## REQUIRED ACTION:
Restate the records in full and exactly, with no images included.

(Beginning of DATA EXTRACT)

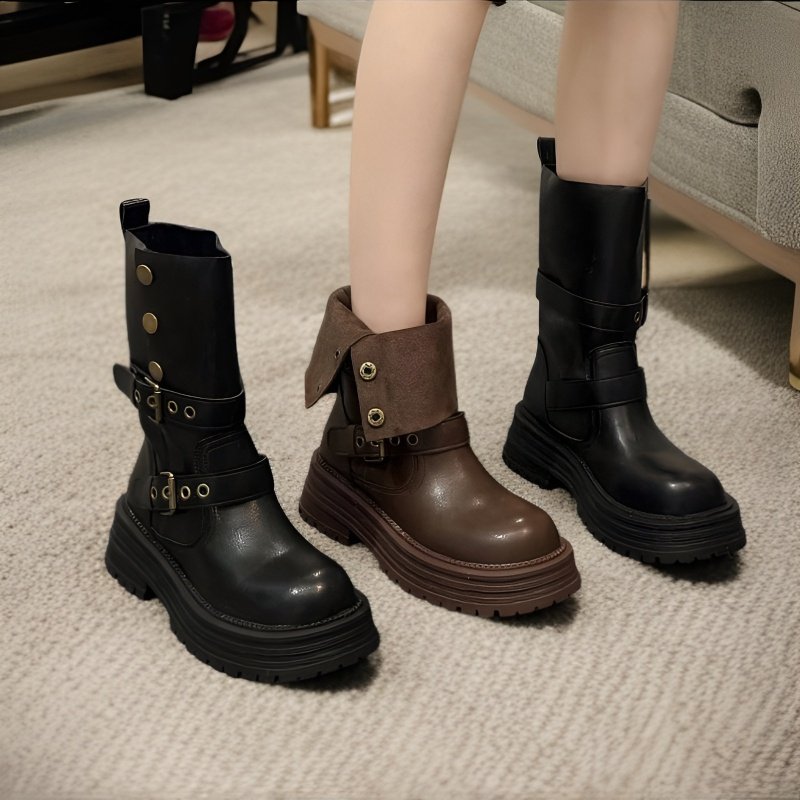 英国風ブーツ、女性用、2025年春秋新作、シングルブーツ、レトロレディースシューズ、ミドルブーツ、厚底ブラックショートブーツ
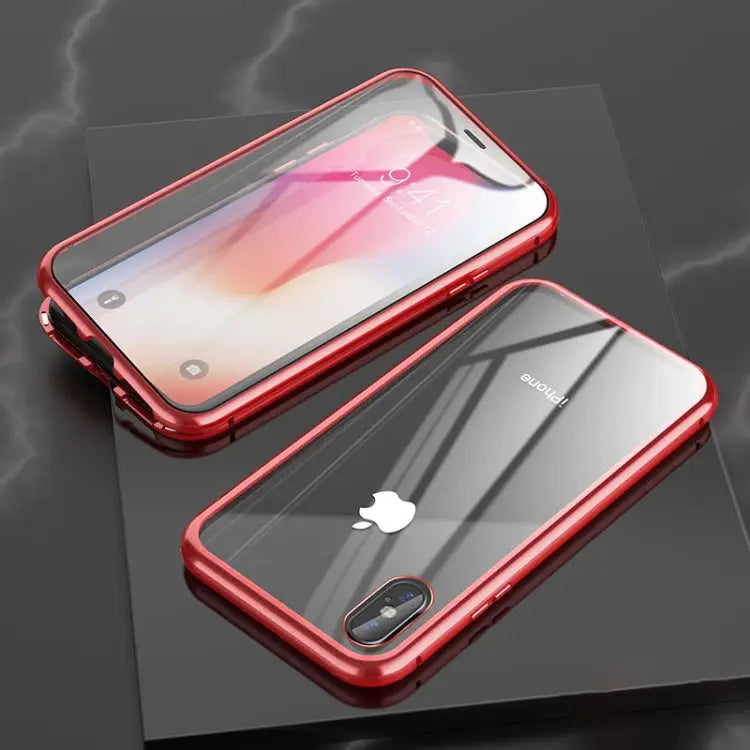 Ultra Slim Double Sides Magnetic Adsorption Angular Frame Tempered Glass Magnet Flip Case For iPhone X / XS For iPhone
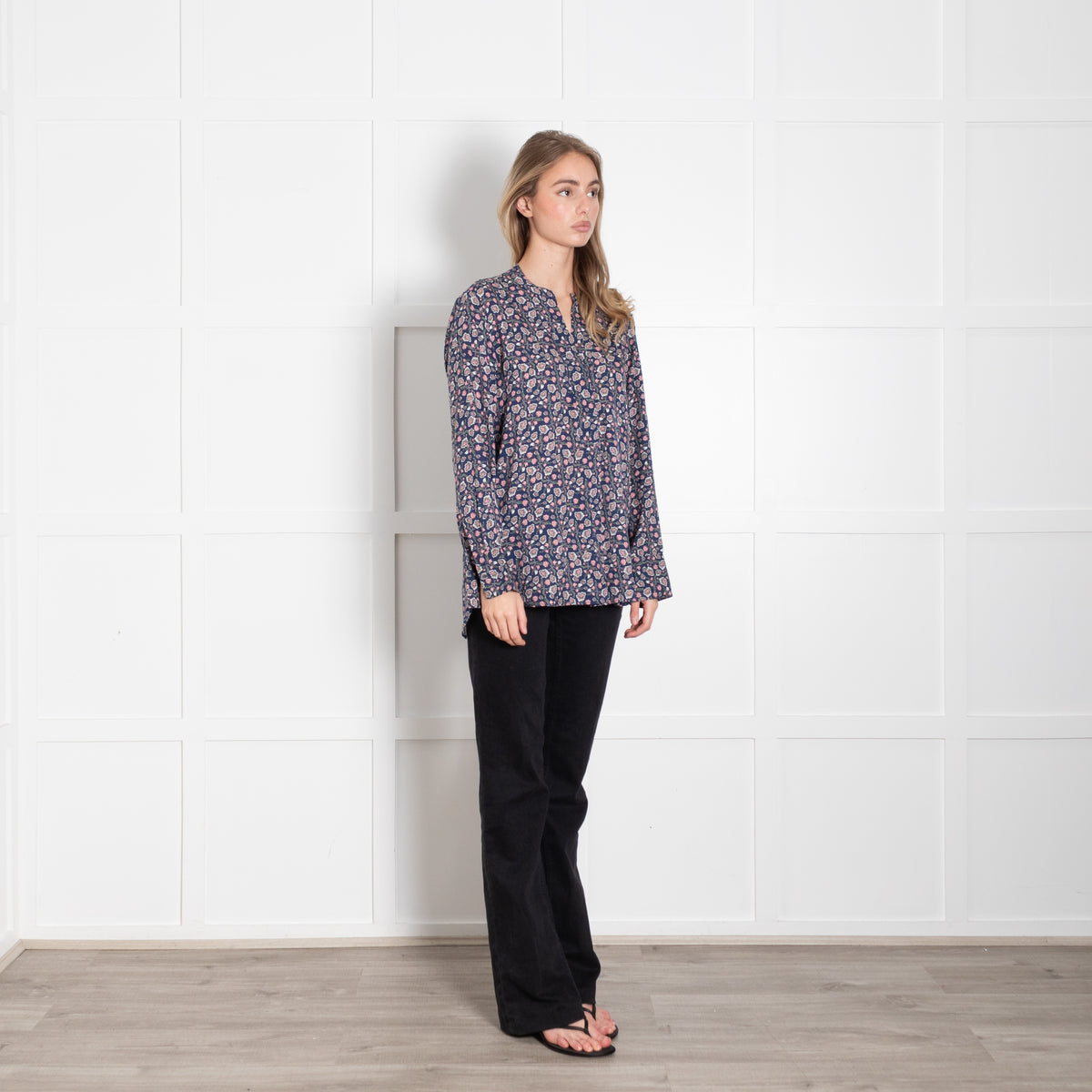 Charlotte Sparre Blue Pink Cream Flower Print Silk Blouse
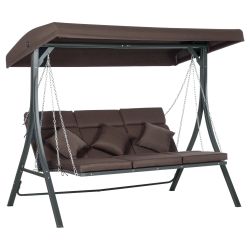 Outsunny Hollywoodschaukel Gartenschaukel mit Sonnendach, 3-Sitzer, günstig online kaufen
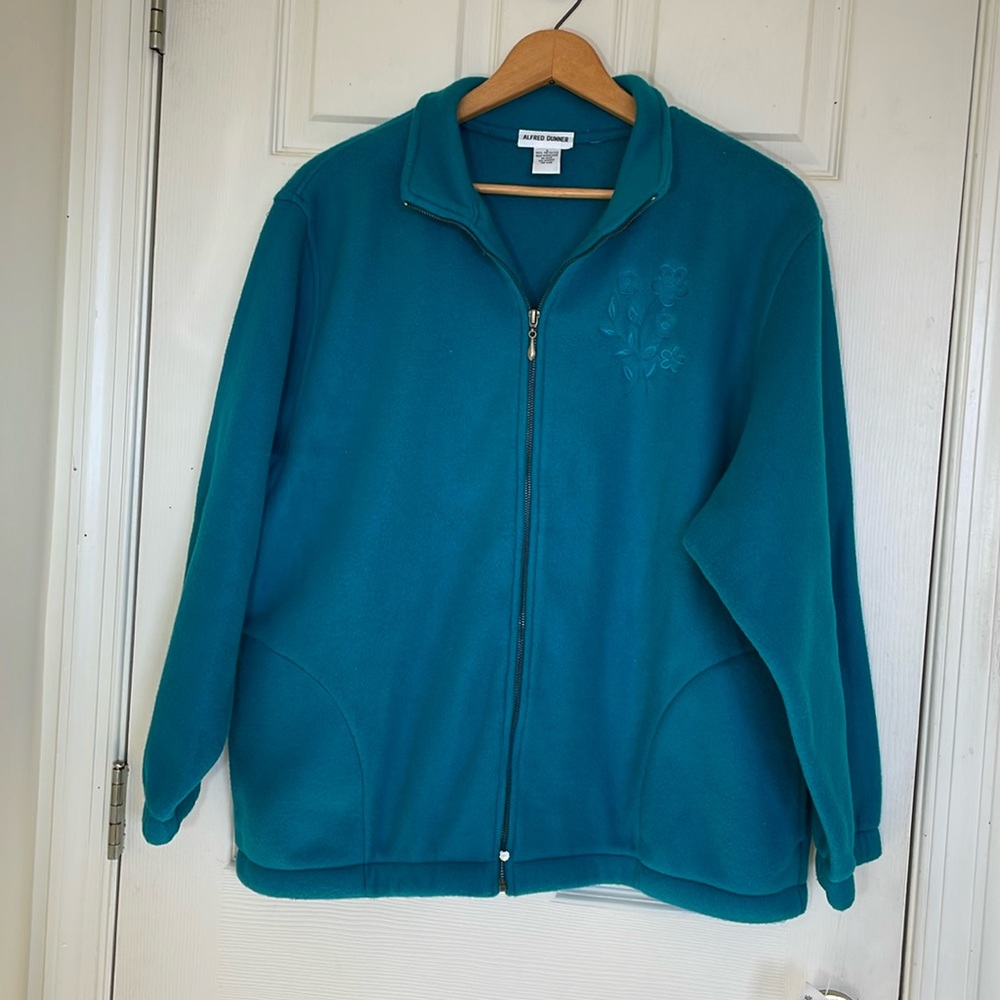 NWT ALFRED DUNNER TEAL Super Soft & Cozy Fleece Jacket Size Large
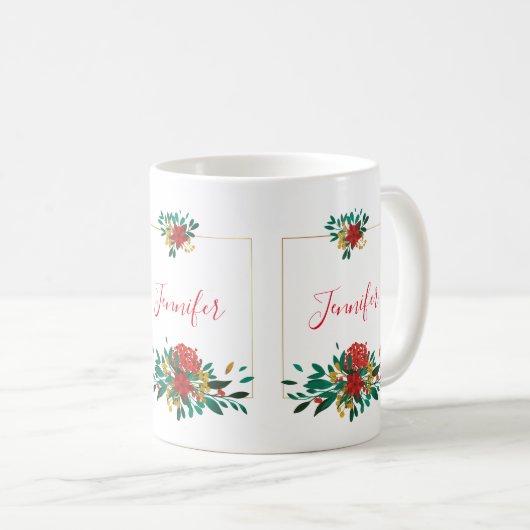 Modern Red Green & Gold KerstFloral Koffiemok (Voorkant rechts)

(End of DATA EXTRACT)

## FINISHED TASK:
 英国風ブーツ、女性用、2025年春秋新作、シングルブーツ、レトロレディースシューズ、ミドルブーツ、厚底ブラックショートブーツ
 Ultra Slim Double Sides Magnetic Adsorption Angular Frame Tempered Glass Magnet Flip Case For iPhone X / XS For iPhone
 Charlotte Sparre Blue Pink Cream Flower Print Silk Blouse
 Outsunny Hollywoodschaukel Gartenschaukel mit Sonnendach, 3-Sitzer, günstig online kaufen
 NWT ALFRED DUNNER TEAL Super Soft & Cozy Fleece Jacket Size Large
 Modern Red Green & Gold KerstFloral Koffiemok (Voorkant rechts)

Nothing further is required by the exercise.